Roy Sanderson cleared up the mystery of the sudden appearance of two Mandarins, one of which was still regrowing its wing feathers and unable to fly. Mandarins sometimes spend time out of the water, he told me. So this pair has probably been lurking unseen in the shrubbery.
He also thinks that the five recently arrived Gadwall may have come from Regent's Park, not Buckingham Palace Gardens. There is sometimes a breeding pair of Gadwall in the palace gardens, but not this year. There are only an estimated 790 breeding pairs of Gadwall in Britain, and most of the ones you see are winter visitors. That is, by the way, more than the number of Common Pochard, which are constantly seen in the park. The national count of breeding pairs for these in 2010 was 339 -- not common at all.

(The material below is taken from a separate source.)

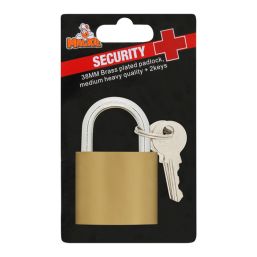 MACKIE PADLOCK SEC PLUS B/PLATED 38MM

The number of Cormorants on the lake is holding steady at about 10. They fly in for a day's fishing and return to the river, and the cross-shaped outline and steady wingbeat of a Cormorant is a frequent sight in the London sky. Here one dives in the Long Water.
One of the young swans had contorted itself into a strange shape while preening in the gusty wind.
But the master contortionists are Great Crested Grebes, which get into every conceivable attitude. Their highly flexible neck, with 21 cervical vertebrae, allows them to turn their head through 520°, and I have seen a grebe turning its head round to the left to preen the right side of its neck.
Starlings are inordinately fond of potato chips. The Lido restaurant serves fish and chips, and the birds will make daring raids to grab them. When the Starlings are nesting on the other side of the lake, they will fly right across the water for a chip and bring it back to their nestlings.